> _The task_
Any image in the records is to be skipped; everything else should be reproduced exactly.

Data to process: Begin

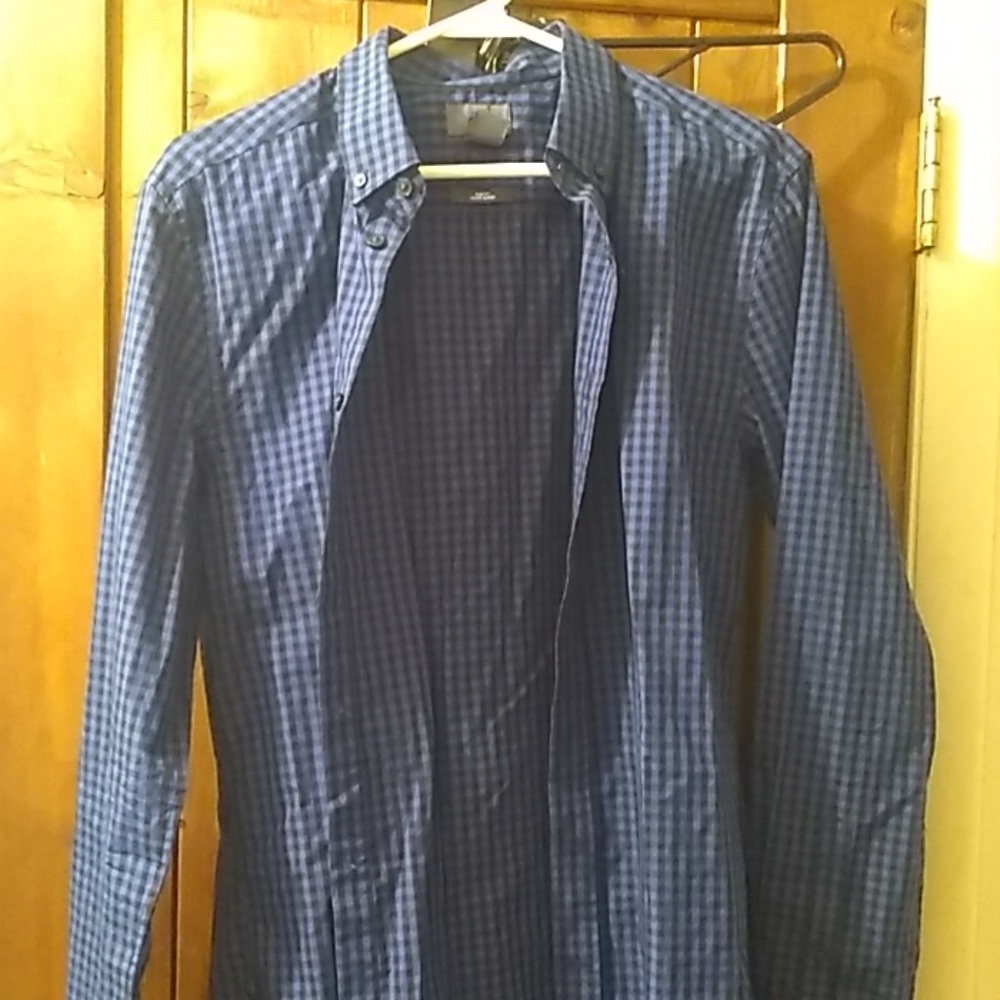 H&M long sleeve button down shirt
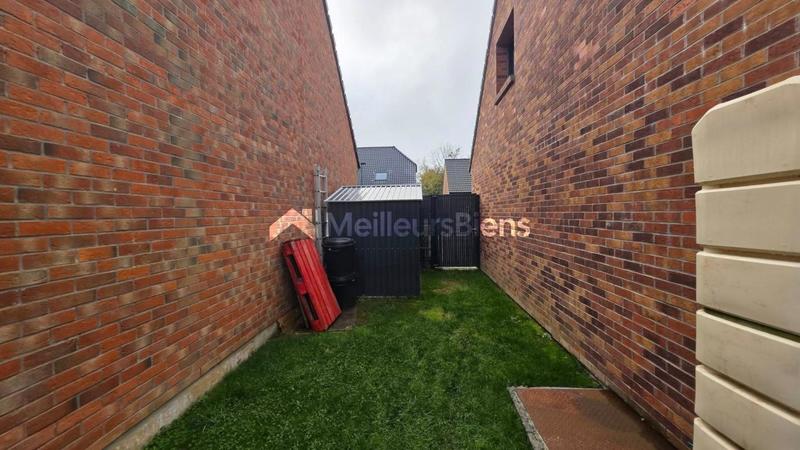 Maison - 96 m² - 4 pièces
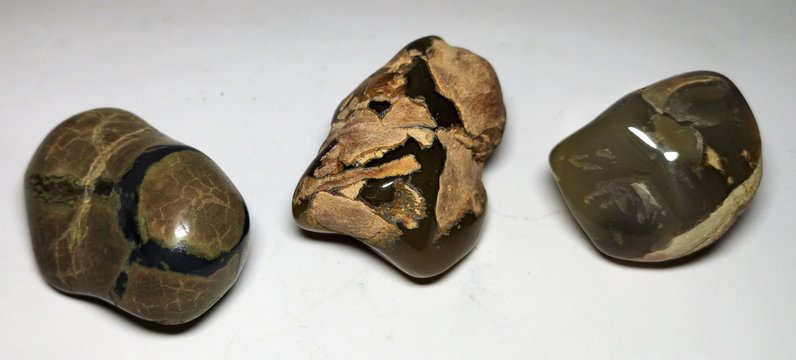 Australischer Amulettstein Sternachat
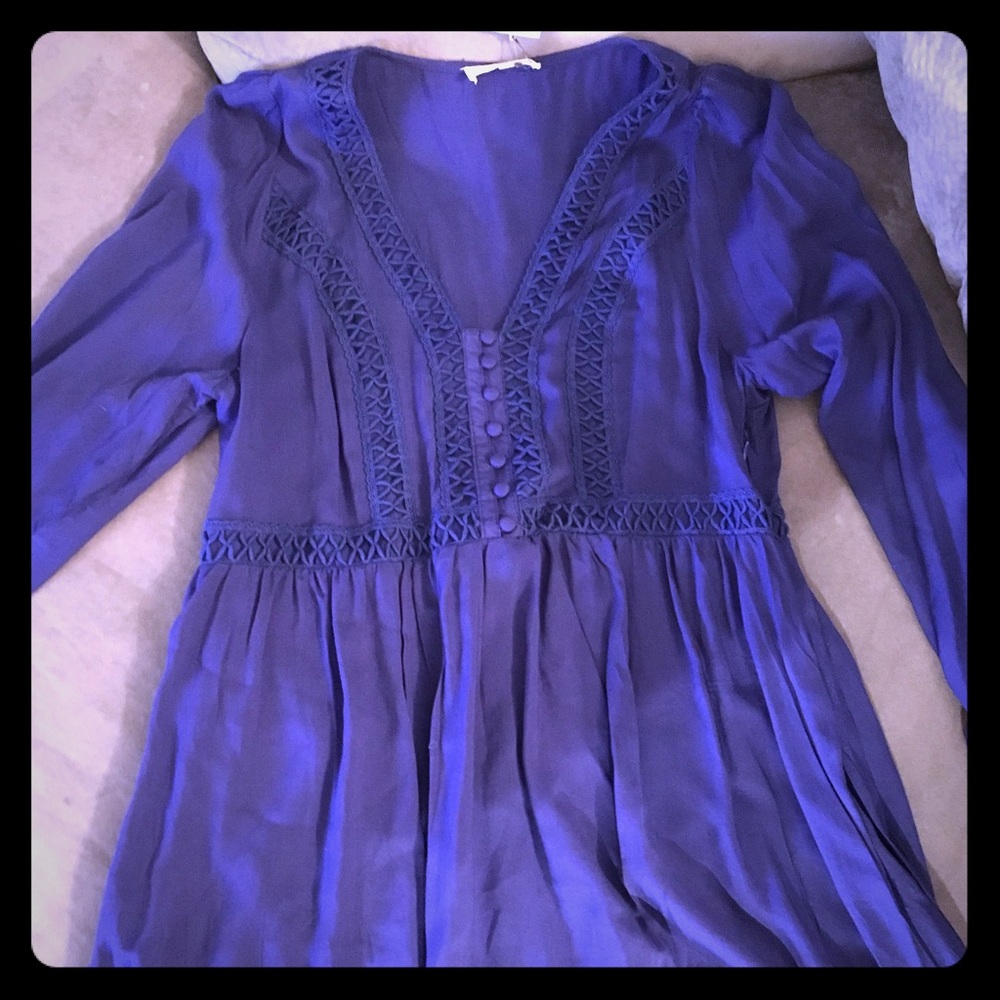 Beautiful blue long-sleeve dress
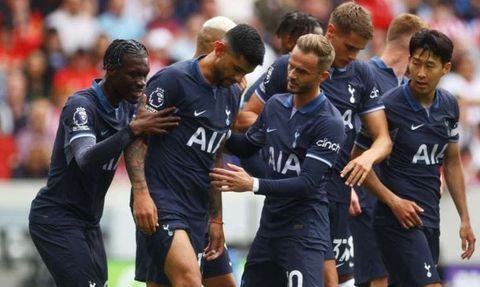 Tottenham'da Cristian Romero Sakatlandı
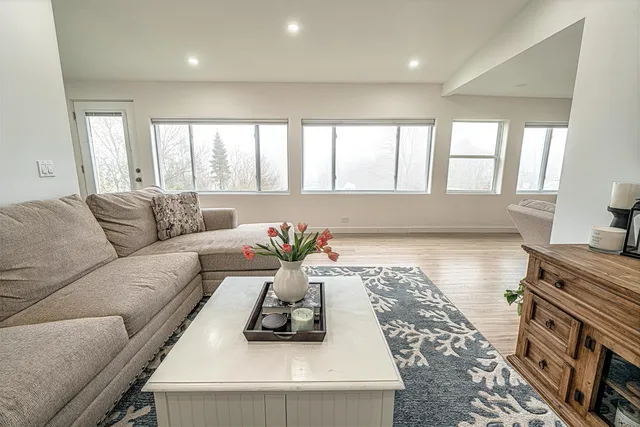 $1,365,000 | 37-39 East Main Street, Searsport, ME 04974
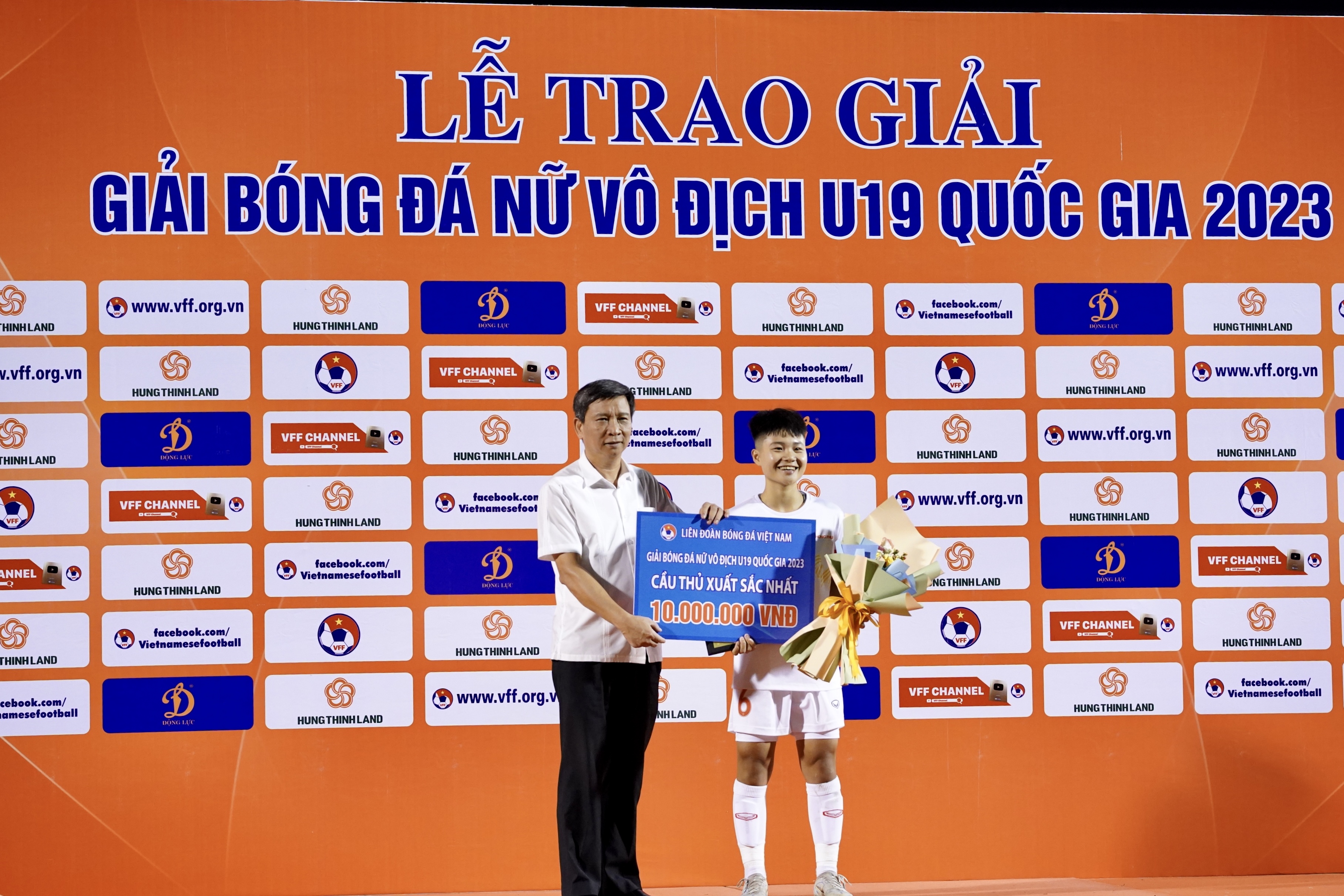 Chủ nhà Hà Nam vô địch giải bóng đá U19 nữ Quốc gia 2023 5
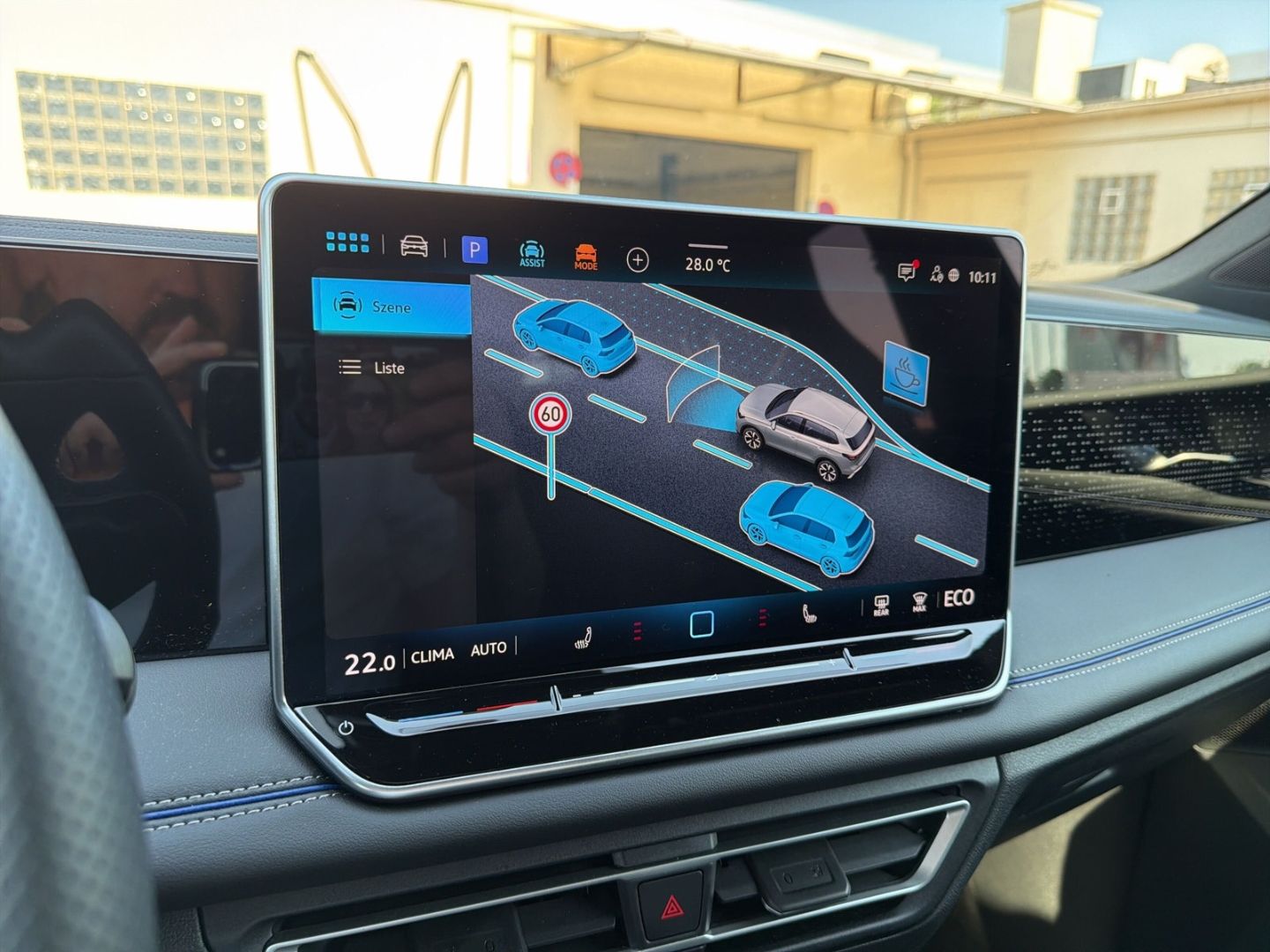 Fahrzeugabbildung Volkswagen Tiguan R-Line 1,5 l eHybrid HD MATRIX IQ.DRIVE B - mit KI generiert/bearbeitet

Data to process: End

> _Response below_
 H&M long sleeve button down shirt
 Maison - 96 m² - 4 pièces
 Australischer Amulettstein Sternachat
 Beautiful blue long-sleeve dress
 Tottenham'da Cristian Romero Sakatlandı
 $1,365,000 | 37-39 East Main Street, Searsport, ME 04974
 Chủ nhà Hà Nam vô địch giải bóng đá U19 nữ Quốc gia 2023 5
 Fahrzeugabbildung Volkswagen Tiguan R-Line 1,5 l eHybrid HD MATRIX IQ.DRIVE B - mit KI generiert/bearbeitet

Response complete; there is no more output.